SEATTLE — Travis Nguyen sees both the good and the bad with Amazon.
Nguyen works in an auto repair shop in the shadow of Amazon’s Day 1 tower, where CEO Jeff Bezos keeps his office. Amazon has helped make Seattle more diverse and created tens of thousands of jobs, Nguyen said, and Washington state’s tech industry produces many times more.
But with Seattle’s explosive tech boom have come soaring housing costs, clogged roads and strains to other vital infrastructure. There’s also a brooding sense among many like Nguyen, who don’t work in technology, that the high wages and billions in corporate investments have put the squeeze on folks who are on the outside looking in.
His advice to metro Atlanta should the region win Amazon’s second headquarters and the promise of 50,000 high-paying jobs? “Just be prepared for growth and fast growth,” he said.
Seattle’s tech community, which is much broader than Amazon, has been a double-edged sword for the Emerald City. It’s produced vast amounts of wealth and revitalized neighborhoods across the city.

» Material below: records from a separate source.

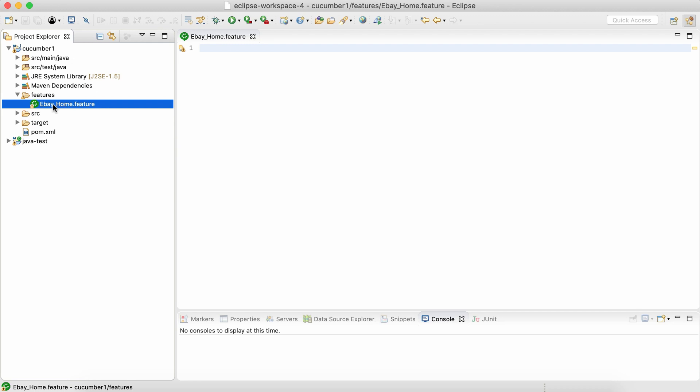Alright, so in the next session, we'll see how to write the gherkin scenario. What is gherkin scenario? How to use gherkin scenario to write behavior? That is the most important thing we are going to see in the next session.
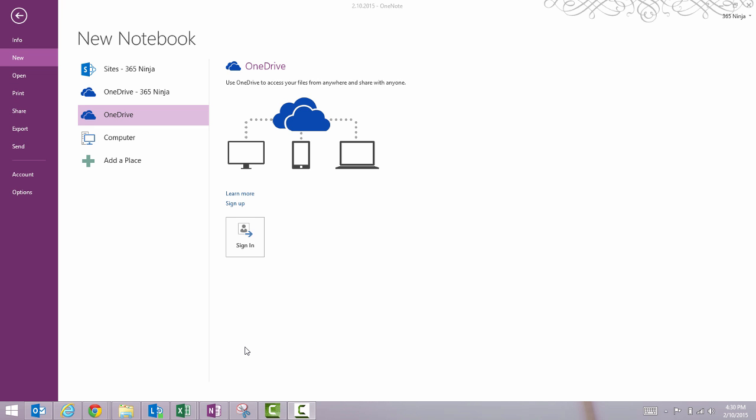Hey everyone, 365Ninja here. I just wanted to say a little bit about saving and syncing your OneNote notebooks to the cloud.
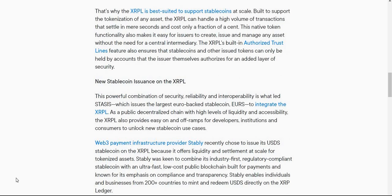The XRP Ledger is best suited to support stable coins at scale — built to support the tokenization of any asset. It can handle a high volume of transactions that settle in mere seconds at only a fraction of a cent. This native token functionality makes it easy for issuers to create, issue, and manage any asset without a central intermediary. The XRPL's built-in authorized trust lines feature also ensures that stable coins and other issued tokens can only be held by accounts the issuer themselves has authorized, for an added layer of security.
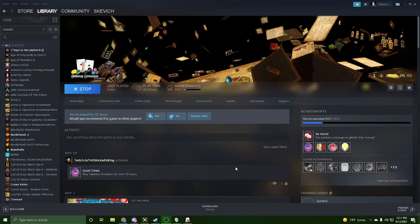Good morning everyone. We are here today and we are going to show you how to set up Tabletop Simulator to play Warhammer 40k.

But that prosperity also exacerbated income inequality, turbocharged displacement and contributed to nightmarish traffic and high rates of homelessness, observers say.
HQ2 is arguably the nation's biggest jobs prize in a generation, pitting job-hungry states against one another in an Olympics-like chase for one of the world's most admired companies.
Seattle political and community observers say metro Atlanta and Georgia policymakers need to grapple with the fact that if HQ2 comes to Atlanta, it will not only create jobs that will potentially uplift generations of Georgians and cement the region as a global business capital, but HQ2 also risks putting unanticipated strains on the fabric of any winning community.
Anticipating the strains, they say, and planning ahead in Atlanta could avoid some of Seattle’s problems and make an Amazon win even more of a victory.
Seattle nurtures a giant
For decades, Seattle not only crafted its own tech scene, but the region also served as Silicon Valley’s relief valve.
Cheaper housing, superb quality of life, schools like the University of Washington and a contagious can-do Pacific Northwest spirit combined to make Greater Seattle a low-cost rival to California. Entrepreneurs like Bezos flocked to this verdant slice of the Northwest for an ecosystem that nurtured Microsoft, Expedia and Amazon.
Greater Seattle also wooed such names as Adobe, Facebook and Google to plant outposts here.
Amazon’s need for HQ2 came about because Amazon senses that it is reaching the limits of what Seattle can do to meet its workforce needs.
“Your human capital is key to your growth prospects,” said Josh Olson, a technology analyst who follows Amazon for investment firm Edward Jones. “Without a good source of recruitment, if you are talent-based business, that can be a challenge to grow if you need to grow.”
And has Amazon grown.
Amazon was born in 1994 as an internet bookseller in the garage of a small house Bezos rented in the suburbs. It went public in 1997 and over the next two decades expanded to sell almost every product imaginable, as well as produce movies and television shows. Amazon is also a critical part of the global internet backbone through its profit engine, cloud computing business Amazon Web Services.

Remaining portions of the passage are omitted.